# Force and resultant

1. Nov 16, 2009

### MorallyObtuse

Is a.) correct?
Great help is required in the other two.

1. The problem statement, all variables and given/known data

a.) Fine salt is deposited from a negligible height at a rate of 12kgs-1 onto a conveyor belt moving at speed 8.0ms-1.Calculate the force required to keep the belt moving at this velocity.

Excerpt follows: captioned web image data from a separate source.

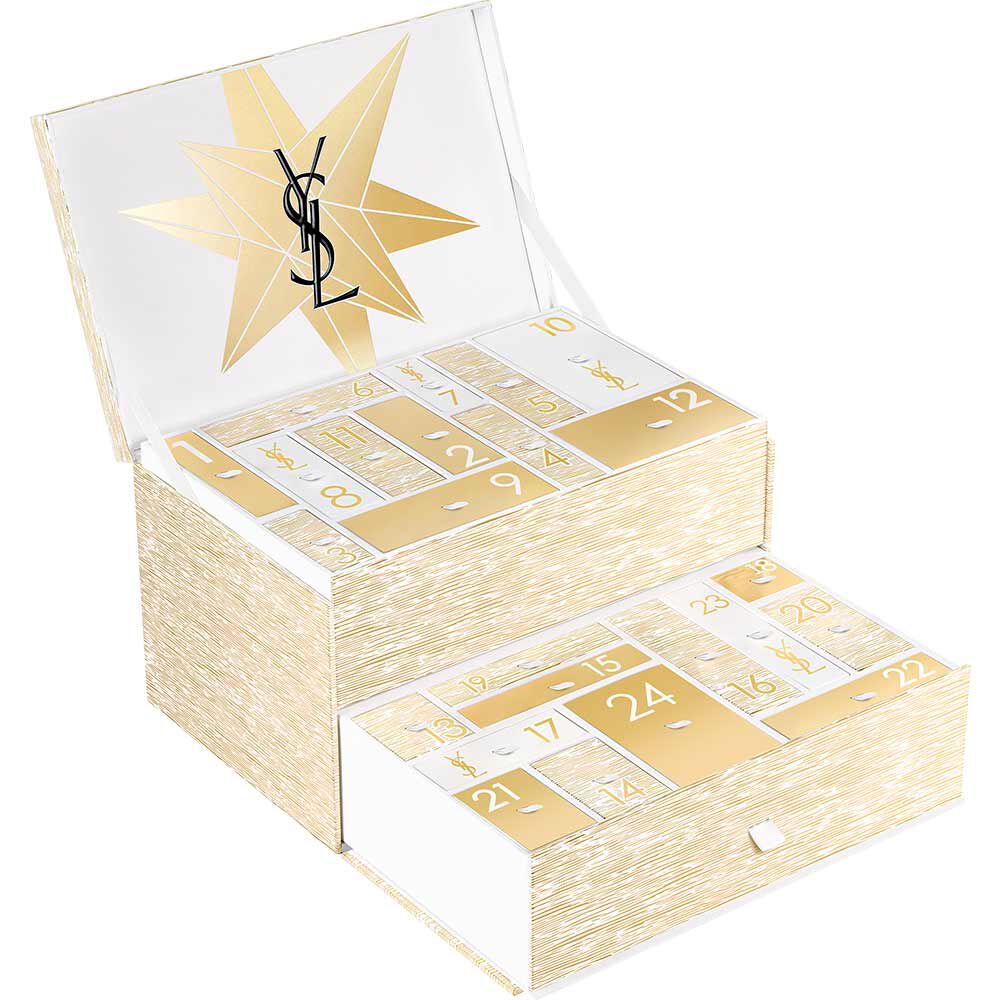 YSL Beauty Advent Calendar 2025: 24 gold icons inside | YSL Beauty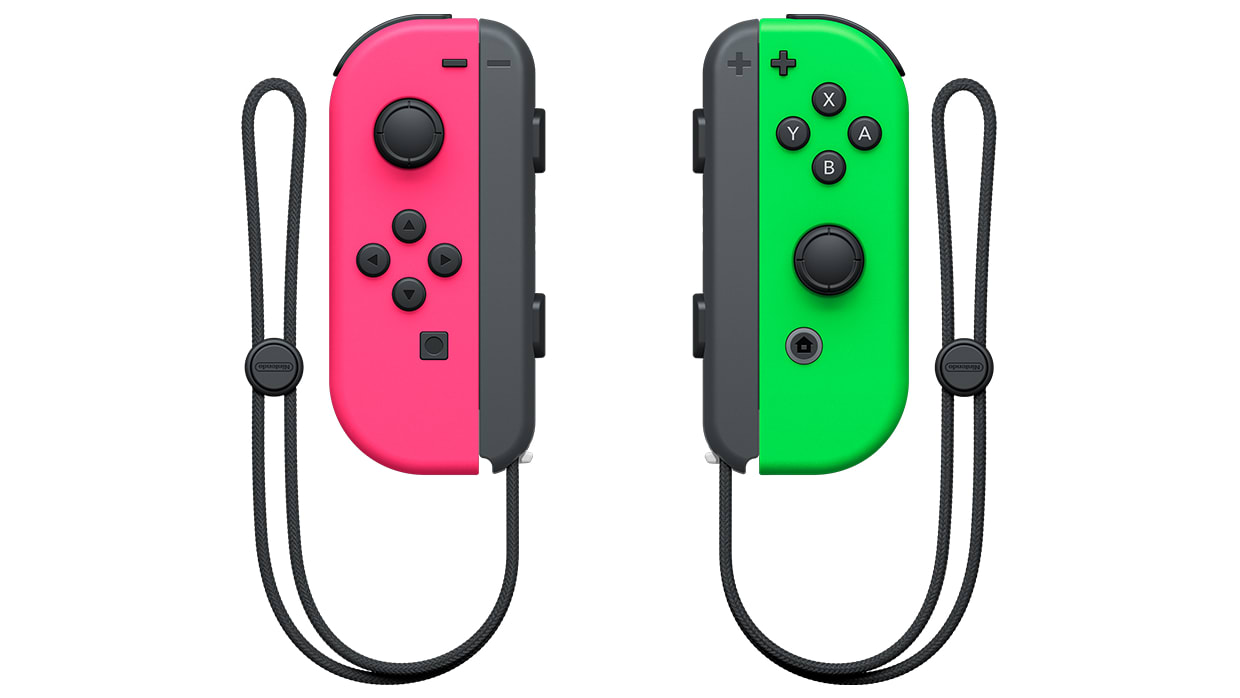 Joy Con™ L/R Neon Pink/Neon Green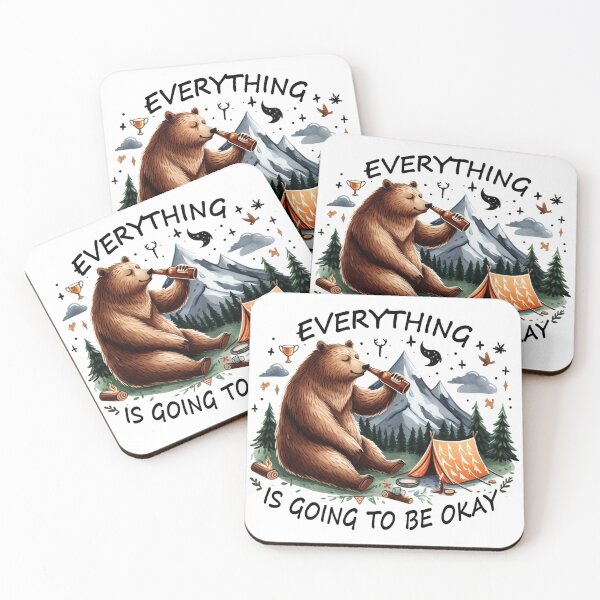 Item preview, Everything Is Going To Be Okay designed and sold by maximinano100k.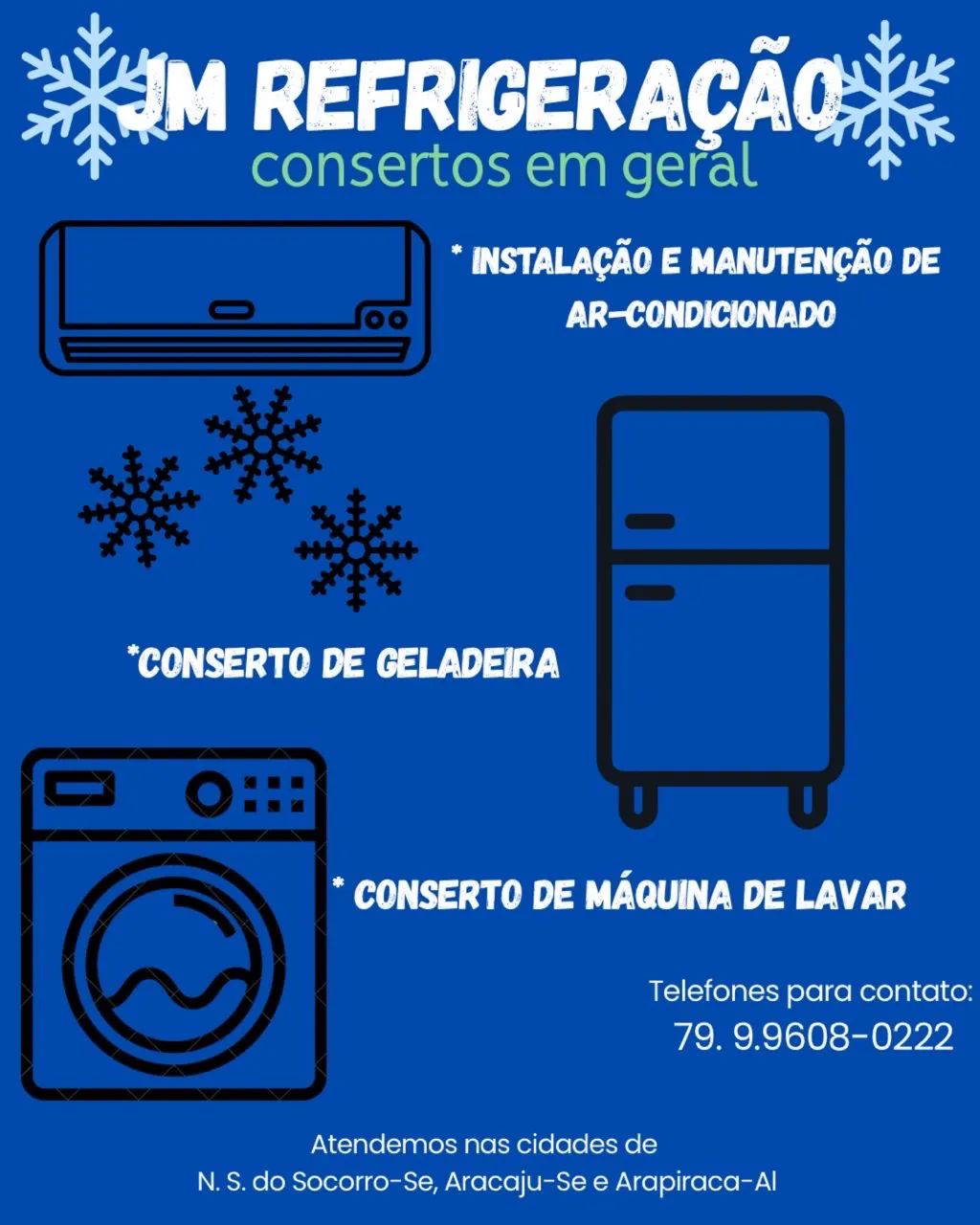 Conserto de geladeira 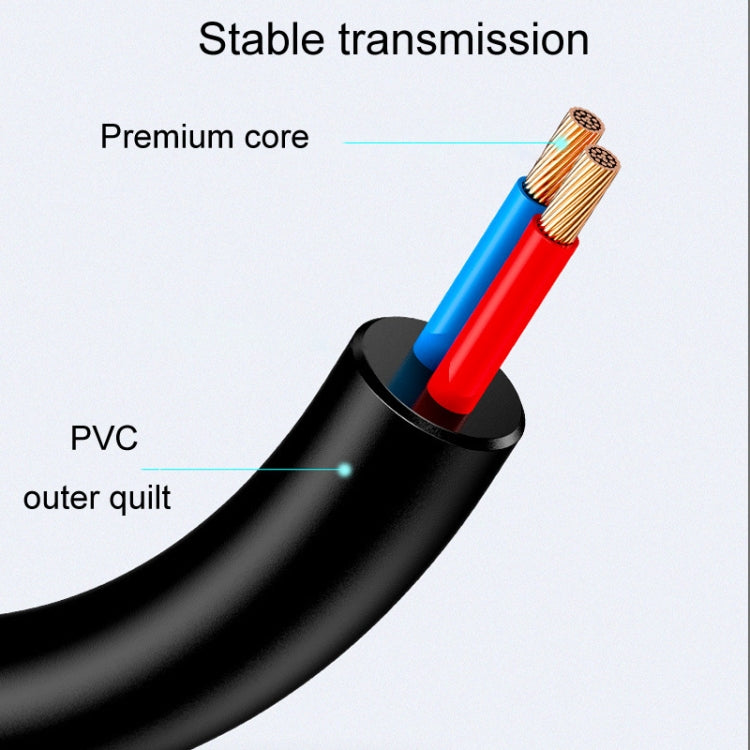 JINGHUA U550C USB To DC Charging Cable Small Appliance Power Cord — view 8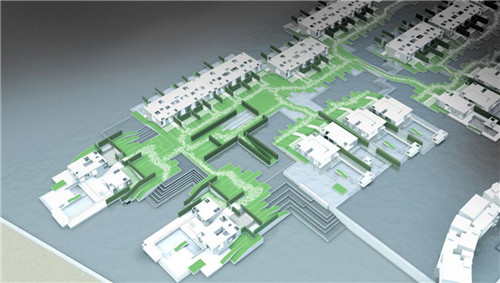 TROP作品:圣像(Iconic)酒店景觀設(shè)計(jì)
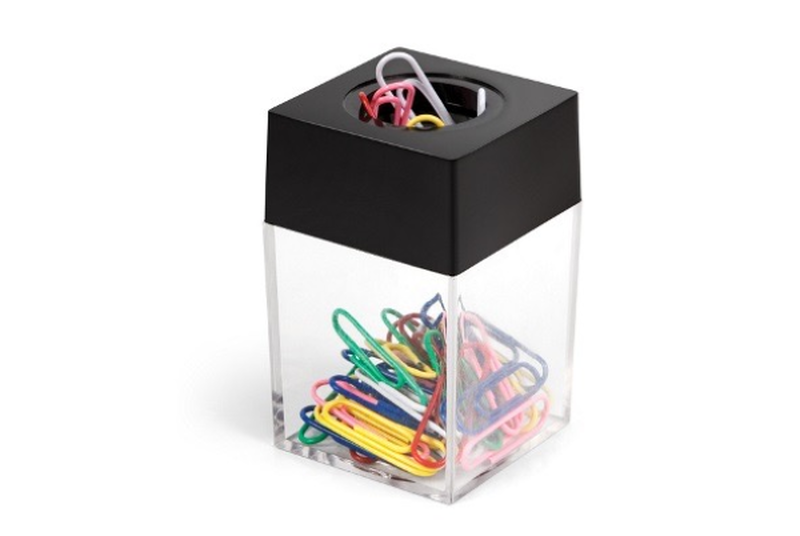 Paper clip magnetic dispenser (with clips), , medium-null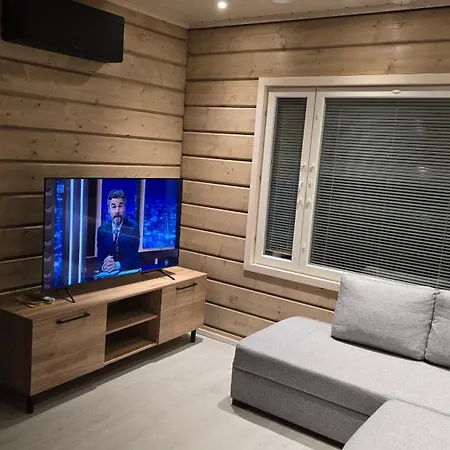 Elves Eco Design House B Holiday home Rovaniemi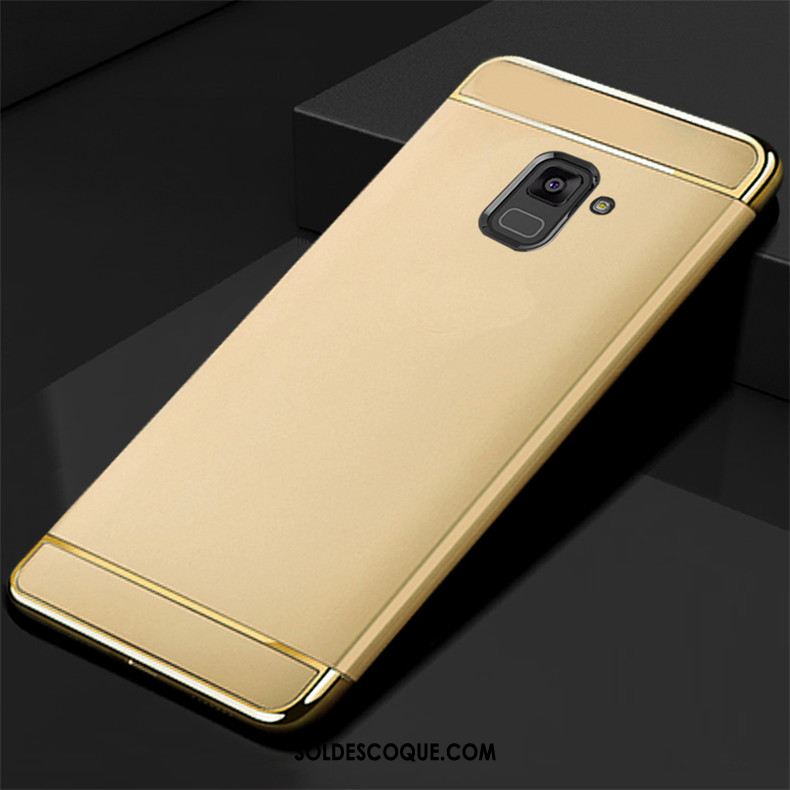 Coque Samsung Galaxy A8 2018 Délavé En Daim Téléphone Portable Étoile Bleu Incassable En Vente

b.) A small aircraft of mass 1200 kg which is flying horizontally at 150 ms-1 is taken into a vertical circular path of radius 500m and it is kept in this path until the aircraft makes a complete loop. If the pilot has a mass of 72kg, calculate the force exerted on him by the seat when the aircraft is top and bottom of the loop.
Clueless, much assistance needed here, please.
c.) A lorry of total mass 12000 kg enters a horizontal circular bend of radius 350 m at a constant speed of 45kmh-1.Calculate the magnitude and the direction of the resultant horizontal force acting on the lorry as it travels around the bend
b. Calculate the angle to which the road must be banked in order to provide the same resultant without the need to rely on friction.
Clueless, much assistance needed here, please.

2. Relevant equations

a.) F α rate of change of momentum

3. The attempt at a solution

a.) F α m/t(v - u)
F α 12(8)
F α 96 N

2. Nov 16, 2009

### cepheid

Staff Emeritus
There are some problems with your solution to part a, although I think you probably got the right answer. First of all, I think (but I am not sure) that you have written that the force is proportional to the rate of change of momentum, using the Greek letter alpha as a symbol for "proportional to." There are three problems with this:

1. The symbol for proportional to is not the same as the symbol for alpha (even though they look quite similar when handwritten):

$$\propto \, \, \, \, \, \textrm{(proportional to)}$$

$$\alpha \, \, \, \, \, \textrm{(alpha)}$$ ​

2. Alpha doesn't show up well in the default font used on the forums, and it just ends up looking like the letter 'a' (which makes your post confusing).

3. F is not merely proportional to the rate of change of momentum, it is in fact exactly equal to it (Newton's 2nd Law). I.e. the constant of proportionality is just 1. So you should really write:

$$\textbf{F} = \frac{d\textbf{p}}{dt}$$ ​

As for your solution, if the rate of change of momentum is constant, then we can write

$$F = \frac{\Delta p}{\Delta t} = \frac{\Delta m}{\Delta t}v$$ ​

where the mass flow rate $\Delta m / \Delta t$ and the velocity v are both given in the problem. This is what your equations should say. I'm not sure what v and u mean in the equations you wrote, but it seems that you somehow plugged in the right numbers.

3. Nov 16, 2009

### MorallyObtuse

Yep, I meant proportional to. And thanks.